There’s a saying: Hire smart people and then get out of their way.
This expression is true, but it’s missing an important third part. It should be:
- Hire smart people
- Get out of their way
- And then make sure nothing else is in their way
In other words: Managers, start empowering your employees.
Put simply, empowering and engaging employees is about creating the conditions within which team members can do their jobs, feel comfortable sharing ideas, and be trusted to work independently. You’d be hard-pressed to find an HR department that disagrees with this in theory, and you’d better believe they’re already familiar with the best practices: allow room for failure, communicate expectations clearly, don’t micromanage. On the other hand, putting employee empowerment into practice is a completely different story.
So instead of reading yet another definition of this business buzzword, let’s take a look at four examples of companies that have taken specific steps to empower and engage employees.
Free to Fail at theSkimm
theSkimm delivers the news in a quick, conversational tone straight to a subscriber’s inbox, so they can stay up-to-date on what’s happening in the world. As the company puts it, they make it easier to live smarter.
The New York-based startup has a fun company culture that’s captured marvellously by its active Instagram. One way this startup has actively empowered its employees to take risks and “fail safely” is through their weekly call-out of a “Failure of the Week”. If an employee tries something new or different, but it doesn’t work out, they’re still recognized for taking the risk.
It’s a smart strategy. All it takes is one brilliant idea to justify a string of flops. In fact, the lessons learned from failures often set the foundation for a successful project.
Employees Come First at Southwest Airlines
When we talk about airlines, we’re either complaining about them or shrugging them off as a necessary evil. But one, Southwest Airlines, is consistently ranked highly for both customer satisfaction and employee happiness.
How has Southwest managed this? Simple. The airline has its priorities straight, and they go in the following order: Employees, customers, and then shareholders. Their logic?
Happy and engaged employees will treat customers well which will encourage customers to come back which makes shareholders happy.
The airline seeks proactive employees and encourages them to take responsibility for the success of the company as a whole, no matter their specific role.
It also underscores how it values the contribution of its employees by including them in new projects. A few years back when the airline changed its uniforms, it enlisted employees from all sorts of departments to participate in the design process instead of hiring an external agency.
No Hovering at Adobe
Adobe has become synonymous with creativity in the digital world. Creativity requires flexibility and freedom, so it only makes sense that Adobe fosters a culture that is totally averse to micromanagement.
Adobe clearly defines responsibilities and expected outcomes to its employees and then leaves them to get the job done. They have the freedom to pursue projects however they see fit, and they are trusted with challenging tasks that show their managers have confidence in their competence.

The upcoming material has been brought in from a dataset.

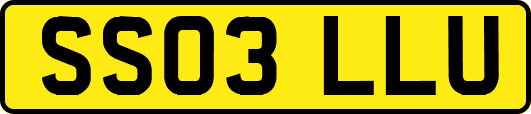 SS03LLU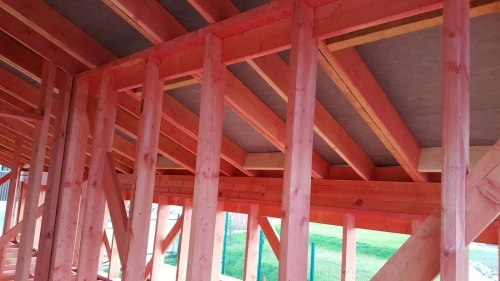 Сосна 25*150*6000 СУХ огнебио крс ДР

The creative company recently poked fun at micromanagement in the advertising world in their video series “The Hovering Art Director”.
One-on-One Coaching at Buffer
Buffer, a social media management software company, eliminated annual reviews. They provide weekly feedback. This is a smart shift since today’s employees prefer the opportunity to regularly improve and develop their skills.
Smart employees who feel like they are stagnating at a company or don’t feel like they’ve been given the tools they need to become better at their job are unsatisfied and tempted to leave. Buffer provides this kind of consistent feedback by holding one-on-one coaching sessions that are directed by the employee.
These sessions can help employees with questions specifically related to their roles or provide guidance related to company culture and office politics.
This strategy is the positive version of micromanagement. Instead of putting employees in a constant state of anxiety with overzealous check-ins, regular coaching sessions allows managers to provide the kind of feedback an employee needs, not obsessive notes on what an employee already knows how to do.
There’s no doubting the benefits of effectively empowering your employees. Talented team members who are given the flexibility to work independently and take risks can produce innovative results (and are also less likely to leave and start their own company where they have that freedom). They’re also happier, engaged, and enthusiastic about growing your business.